Qui suis-je?

Je rassemble ici deux événements qui, a priori, n’ont pas de rapport. 

Le premier est l’actualisation dans les médias, depuis un certain temps, de la question du genre. Les articles de journaux, les émissions de télévision, les publications, les débats, les manifestations de rue, abondent. Les catégories se précisent, on connaît de plus en plus cet acronyme : LGBT, et il y a aussi d’autres lettres qui suivent. 

Le deuxième est lié au procès des attentats de 13-Novembre à Paris, et plus particulièrement  le cas Salah Abdeslam, ce terroriste qui au dernier moment, a renoncé à activer la ceinture d’explosifs qu’il portait sur lui *. 

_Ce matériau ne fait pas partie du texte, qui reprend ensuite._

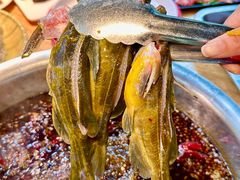-青山青豆花·笑禅豆腐鱼(黄泥塝店)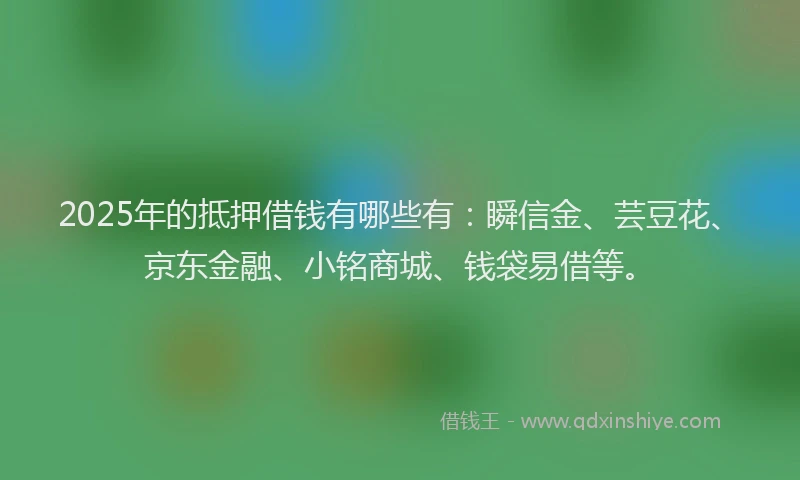 2025年的抵押借钱有哪些有：瞬信金、芸豆花、京东金融、小铭商城、钱袋易借等。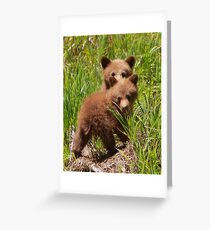 Black Bear Cubs Greeting Card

Abdeslam a accepté de parler, enfin. Et l’on commence à comprendre les deux facettes de cet homme aujourd’hui. D’un côté, une personne qui a été envahie jusqu’à la moelle par une idéologie, celle qui promettait le paradis immédiat juste après avoir été déchiqueté par sa ceinture d’explosifs, en récompense de son courage mis au service d’un fanatisme politico-religieux – l’islamisme – auquel il a cru dur comme fer. De l’autre un pauvre petit gars de Molenbeek, qui n’a pas eu beaucoup de chance dans la vie, et qui en cherchait naïvement mais sincèrement une perspective qui lui révèle qui il était. Héro déchu d’un côté, misérable individu de l’autre.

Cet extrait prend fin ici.